▶ [Work task]: Check every line of the entries below for the word "from", and copy the ones that have it.

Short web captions
--- START ---

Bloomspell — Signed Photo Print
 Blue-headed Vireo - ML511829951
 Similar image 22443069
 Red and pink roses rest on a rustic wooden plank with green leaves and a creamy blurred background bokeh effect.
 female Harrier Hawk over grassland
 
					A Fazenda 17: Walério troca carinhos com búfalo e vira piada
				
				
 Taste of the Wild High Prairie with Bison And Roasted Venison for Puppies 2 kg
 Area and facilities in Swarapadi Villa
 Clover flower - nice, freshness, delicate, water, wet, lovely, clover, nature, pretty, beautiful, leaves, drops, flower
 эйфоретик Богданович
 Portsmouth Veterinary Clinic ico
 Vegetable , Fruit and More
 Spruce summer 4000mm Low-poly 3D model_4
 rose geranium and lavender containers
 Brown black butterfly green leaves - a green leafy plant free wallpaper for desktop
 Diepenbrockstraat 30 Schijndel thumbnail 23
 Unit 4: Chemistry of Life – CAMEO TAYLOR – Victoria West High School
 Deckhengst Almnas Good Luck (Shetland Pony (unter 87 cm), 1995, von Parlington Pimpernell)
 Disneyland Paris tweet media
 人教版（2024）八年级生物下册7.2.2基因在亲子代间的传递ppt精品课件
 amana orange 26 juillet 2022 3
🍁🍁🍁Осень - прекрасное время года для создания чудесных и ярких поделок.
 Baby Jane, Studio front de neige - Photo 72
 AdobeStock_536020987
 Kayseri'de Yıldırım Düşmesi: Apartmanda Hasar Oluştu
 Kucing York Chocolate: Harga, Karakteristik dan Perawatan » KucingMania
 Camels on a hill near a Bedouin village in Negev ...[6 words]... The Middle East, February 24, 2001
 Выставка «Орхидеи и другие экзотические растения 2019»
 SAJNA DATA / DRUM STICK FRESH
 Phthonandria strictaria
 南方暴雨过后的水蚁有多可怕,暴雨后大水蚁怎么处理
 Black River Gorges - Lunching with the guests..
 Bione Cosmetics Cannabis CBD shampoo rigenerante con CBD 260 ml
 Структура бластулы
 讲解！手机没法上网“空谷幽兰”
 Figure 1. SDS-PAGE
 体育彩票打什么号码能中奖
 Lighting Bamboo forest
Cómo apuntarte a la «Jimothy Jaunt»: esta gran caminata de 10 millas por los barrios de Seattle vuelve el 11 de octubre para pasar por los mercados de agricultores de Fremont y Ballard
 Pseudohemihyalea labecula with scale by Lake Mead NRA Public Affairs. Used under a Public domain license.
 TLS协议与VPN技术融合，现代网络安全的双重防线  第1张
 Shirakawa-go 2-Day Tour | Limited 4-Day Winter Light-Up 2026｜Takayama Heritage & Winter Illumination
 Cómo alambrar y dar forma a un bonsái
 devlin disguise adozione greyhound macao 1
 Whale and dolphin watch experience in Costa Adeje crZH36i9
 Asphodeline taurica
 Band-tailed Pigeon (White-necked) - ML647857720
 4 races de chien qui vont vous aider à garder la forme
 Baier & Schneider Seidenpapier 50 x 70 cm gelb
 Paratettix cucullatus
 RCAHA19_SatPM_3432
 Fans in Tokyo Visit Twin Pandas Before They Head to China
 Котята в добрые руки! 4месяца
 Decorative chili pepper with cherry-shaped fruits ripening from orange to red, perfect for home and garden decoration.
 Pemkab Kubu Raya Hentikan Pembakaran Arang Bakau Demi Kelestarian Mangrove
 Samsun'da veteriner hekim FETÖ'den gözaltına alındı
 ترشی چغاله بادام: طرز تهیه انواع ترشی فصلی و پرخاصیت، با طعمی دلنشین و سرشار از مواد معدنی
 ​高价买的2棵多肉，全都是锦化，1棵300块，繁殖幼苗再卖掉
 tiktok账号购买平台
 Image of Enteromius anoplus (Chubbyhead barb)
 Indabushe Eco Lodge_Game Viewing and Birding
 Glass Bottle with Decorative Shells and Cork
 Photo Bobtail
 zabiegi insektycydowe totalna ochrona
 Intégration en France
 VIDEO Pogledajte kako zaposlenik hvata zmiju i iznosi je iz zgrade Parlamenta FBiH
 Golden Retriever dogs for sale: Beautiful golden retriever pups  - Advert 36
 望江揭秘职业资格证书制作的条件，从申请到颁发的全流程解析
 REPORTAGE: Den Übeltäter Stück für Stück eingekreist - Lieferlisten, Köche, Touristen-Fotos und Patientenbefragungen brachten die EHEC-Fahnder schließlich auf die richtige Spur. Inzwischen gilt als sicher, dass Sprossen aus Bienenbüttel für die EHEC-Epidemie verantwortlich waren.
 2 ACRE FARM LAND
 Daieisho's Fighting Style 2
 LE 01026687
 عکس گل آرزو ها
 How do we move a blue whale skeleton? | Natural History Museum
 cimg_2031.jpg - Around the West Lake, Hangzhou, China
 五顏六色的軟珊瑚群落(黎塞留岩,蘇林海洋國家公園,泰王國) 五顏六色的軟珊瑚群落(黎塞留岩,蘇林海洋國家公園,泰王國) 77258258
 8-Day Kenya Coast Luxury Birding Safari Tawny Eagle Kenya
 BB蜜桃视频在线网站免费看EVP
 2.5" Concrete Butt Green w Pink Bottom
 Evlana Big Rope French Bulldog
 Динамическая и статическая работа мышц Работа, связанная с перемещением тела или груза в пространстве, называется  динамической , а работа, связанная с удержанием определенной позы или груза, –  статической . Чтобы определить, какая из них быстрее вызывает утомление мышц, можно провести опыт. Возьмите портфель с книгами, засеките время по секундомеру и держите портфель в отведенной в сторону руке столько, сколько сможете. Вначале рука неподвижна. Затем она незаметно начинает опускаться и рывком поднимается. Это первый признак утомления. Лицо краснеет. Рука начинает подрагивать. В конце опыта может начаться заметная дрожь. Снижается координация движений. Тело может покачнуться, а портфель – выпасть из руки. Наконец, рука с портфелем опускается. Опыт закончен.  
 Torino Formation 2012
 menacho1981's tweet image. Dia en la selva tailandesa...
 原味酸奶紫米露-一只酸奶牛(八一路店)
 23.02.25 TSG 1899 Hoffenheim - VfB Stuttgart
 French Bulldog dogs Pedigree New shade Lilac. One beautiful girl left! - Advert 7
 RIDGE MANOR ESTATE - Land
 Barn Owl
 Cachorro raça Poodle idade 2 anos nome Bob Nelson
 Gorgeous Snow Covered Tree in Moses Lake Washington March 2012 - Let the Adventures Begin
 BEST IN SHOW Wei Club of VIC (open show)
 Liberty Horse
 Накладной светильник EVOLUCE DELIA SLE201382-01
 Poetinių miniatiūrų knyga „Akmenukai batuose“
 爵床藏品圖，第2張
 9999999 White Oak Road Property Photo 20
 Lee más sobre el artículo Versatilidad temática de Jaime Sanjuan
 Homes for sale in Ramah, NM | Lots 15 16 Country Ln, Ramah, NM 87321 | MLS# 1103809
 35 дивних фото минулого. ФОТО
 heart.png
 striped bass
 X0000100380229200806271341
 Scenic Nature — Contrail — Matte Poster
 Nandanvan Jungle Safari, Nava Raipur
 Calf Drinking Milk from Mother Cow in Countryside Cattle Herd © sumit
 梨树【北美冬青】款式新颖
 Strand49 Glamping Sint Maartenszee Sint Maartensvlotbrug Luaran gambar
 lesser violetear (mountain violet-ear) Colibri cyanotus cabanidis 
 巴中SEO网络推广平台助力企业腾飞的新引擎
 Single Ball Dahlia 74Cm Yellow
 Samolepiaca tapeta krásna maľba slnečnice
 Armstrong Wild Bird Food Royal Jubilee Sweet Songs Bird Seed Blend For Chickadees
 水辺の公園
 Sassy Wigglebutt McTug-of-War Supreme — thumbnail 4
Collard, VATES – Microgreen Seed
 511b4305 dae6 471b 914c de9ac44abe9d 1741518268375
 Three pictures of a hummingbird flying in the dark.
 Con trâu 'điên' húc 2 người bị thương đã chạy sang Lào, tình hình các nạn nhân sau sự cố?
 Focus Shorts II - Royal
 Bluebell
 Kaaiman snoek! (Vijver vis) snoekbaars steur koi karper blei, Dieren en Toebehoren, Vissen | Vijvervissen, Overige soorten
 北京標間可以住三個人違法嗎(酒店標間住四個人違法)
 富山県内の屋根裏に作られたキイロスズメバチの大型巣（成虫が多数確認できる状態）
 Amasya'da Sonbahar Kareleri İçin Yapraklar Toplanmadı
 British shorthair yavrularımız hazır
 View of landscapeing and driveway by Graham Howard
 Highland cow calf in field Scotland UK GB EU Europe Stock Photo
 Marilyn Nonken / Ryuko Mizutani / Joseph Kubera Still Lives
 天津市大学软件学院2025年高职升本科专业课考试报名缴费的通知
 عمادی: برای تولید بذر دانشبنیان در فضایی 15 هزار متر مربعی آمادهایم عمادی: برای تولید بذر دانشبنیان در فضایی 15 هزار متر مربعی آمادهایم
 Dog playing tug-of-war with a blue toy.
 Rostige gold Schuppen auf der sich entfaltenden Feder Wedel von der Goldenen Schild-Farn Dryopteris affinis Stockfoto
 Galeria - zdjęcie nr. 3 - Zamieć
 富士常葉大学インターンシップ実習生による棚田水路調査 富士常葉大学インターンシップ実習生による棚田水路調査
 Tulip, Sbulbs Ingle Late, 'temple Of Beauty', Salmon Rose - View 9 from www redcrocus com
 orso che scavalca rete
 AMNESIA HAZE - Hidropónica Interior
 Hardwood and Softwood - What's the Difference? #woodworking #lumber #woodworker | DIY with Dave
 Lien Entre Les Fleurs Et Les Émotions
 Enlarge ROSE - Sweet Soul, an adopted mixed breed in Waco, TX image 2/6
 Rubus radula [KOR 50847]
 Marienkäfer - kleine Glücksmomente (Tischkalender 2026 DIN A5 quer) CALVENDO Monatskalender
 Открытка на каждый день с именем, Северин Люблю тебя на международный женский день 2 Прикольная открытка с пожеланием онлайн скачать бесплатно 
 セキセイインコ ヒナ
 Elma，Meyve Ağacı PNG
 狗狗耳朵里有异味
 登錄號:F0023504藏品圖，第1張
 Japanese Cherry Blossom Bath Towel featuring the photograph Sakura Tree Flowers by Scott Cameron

--- END ---

▶ [Solution]:
 Decorative chili pepper with cherry-shaped fruits ripening from orange to red, perfect for home and garden decoration.
 Calf Drinking Milk from Mother Cow in Countryside Cattle Herd © sumit
 Tulip, Sbulbs Ingle Late, 'temple Of Beauty', Salmon Rose - View 9 from www redcrocus com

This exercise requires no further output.